### Data under study
——

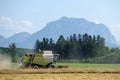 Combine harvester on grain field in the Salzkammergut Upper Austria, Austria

——

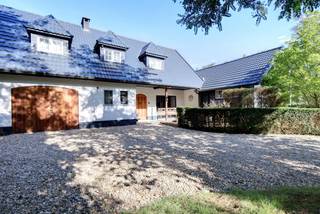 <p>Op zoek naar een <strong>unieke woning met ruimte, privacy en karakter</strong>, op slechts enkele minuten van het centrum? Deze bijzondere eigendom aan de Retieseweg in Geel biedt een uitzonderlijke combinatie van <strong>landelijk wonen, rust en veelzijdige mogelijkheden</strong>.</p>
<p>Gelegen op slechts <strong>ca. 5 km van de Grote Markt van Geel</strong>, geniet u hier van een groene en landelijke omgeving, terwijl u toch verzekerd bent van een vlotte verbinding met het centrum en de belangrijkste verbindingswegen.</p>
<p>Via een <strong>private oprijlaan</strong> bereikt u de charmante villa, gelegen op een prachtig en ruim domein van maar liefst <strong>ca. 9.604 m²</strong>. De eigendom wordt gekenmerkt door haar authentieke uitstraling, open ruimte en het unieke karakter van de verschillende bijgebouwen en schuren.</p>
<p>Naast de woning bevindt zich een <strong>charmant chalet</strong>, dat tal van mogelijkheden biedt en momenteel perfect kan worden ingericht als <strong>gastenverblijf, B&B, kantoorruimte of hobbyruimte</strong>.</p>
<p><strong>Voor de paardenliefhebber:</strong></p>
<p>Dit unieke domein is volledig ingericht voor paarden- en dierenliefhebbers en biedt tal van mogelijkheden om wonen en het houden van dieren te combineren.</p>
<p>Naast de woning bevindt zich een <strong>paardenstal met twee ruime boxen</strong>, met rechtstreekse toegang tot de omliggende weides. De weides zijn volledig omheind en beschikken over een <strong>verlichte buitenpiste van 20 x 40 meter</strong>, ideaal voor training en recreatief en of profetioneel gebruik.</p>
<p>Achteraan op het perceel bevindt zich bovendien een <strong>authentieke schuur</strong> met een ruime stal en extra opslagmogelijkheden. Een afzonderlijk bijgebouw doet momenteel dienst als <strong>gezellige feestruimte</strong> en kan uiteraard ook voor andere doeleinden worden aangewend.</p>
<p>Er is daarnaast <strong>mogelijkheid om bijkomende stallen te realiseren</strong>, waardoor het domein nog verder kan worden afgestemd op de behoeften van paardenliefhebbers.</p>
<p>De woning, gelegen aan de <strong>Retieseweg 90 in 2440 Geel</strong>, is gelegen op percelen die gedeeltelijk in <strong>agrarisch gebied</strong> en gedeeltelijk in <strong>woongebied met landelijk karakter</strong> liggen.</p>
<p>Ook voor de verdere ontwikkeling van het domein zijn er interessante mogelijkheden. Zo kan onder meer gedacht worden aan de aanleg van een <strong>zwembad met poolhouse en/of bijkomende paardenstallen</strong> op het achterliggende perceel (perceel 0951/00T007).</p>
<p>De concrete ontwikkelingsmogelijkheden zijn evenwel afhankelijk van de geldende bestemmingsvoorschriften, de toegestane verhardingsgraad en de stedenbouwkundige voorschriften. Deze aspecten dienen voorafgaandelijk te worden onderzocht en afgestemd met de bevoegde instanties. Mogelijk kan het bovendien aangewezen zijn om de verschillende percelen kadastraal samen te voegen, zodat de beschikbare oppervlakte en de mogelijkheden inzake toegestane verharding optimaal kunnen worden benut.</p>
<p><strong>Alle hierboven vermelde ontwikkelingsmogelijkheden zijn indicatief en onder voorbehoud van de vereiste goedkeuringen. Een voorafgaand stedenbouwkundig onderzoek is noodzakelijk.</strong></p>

——

### Problem description
Begin with the line above that has "<p>Naast de woning bevindt zich een <strong>charmant" and continue through the line that has "<p>Naast de woning bevindt zich een <strong>paardenstal", setting each one down exactly. Stop there.

### Output for this exercise
<p>Naast de woning bevindt zich een <strong>charmant chalet</strong>, dat tal van mogelijkheden biedt en momenteel perfect kan worden ingericht als <strong>gastenverblijf, B&B, kantoorruimte of hobbyruimte</strong>.</p>
<p><strong>Voor de paardenliefhebber:</strong></p>
<p>Dit unieke domein is volledig ingericht voor paarden- en dierenliefhebbers en biedt tal van mogelijkheden om wonen en het houden van dieren te combineren.</p>
<p>Naast de woning bevindt zich een <strong>paardenstal met twee ruime boxen</strong>, met rechtstreekse toegang tot de omliggende weides. De weides zijn volledig omheind en beschikken over een <strong>verlichte buitenpiste van 20 x 40 meter</strong>, ideaal voor training en recreatief en of profetioneel gebruik.</p>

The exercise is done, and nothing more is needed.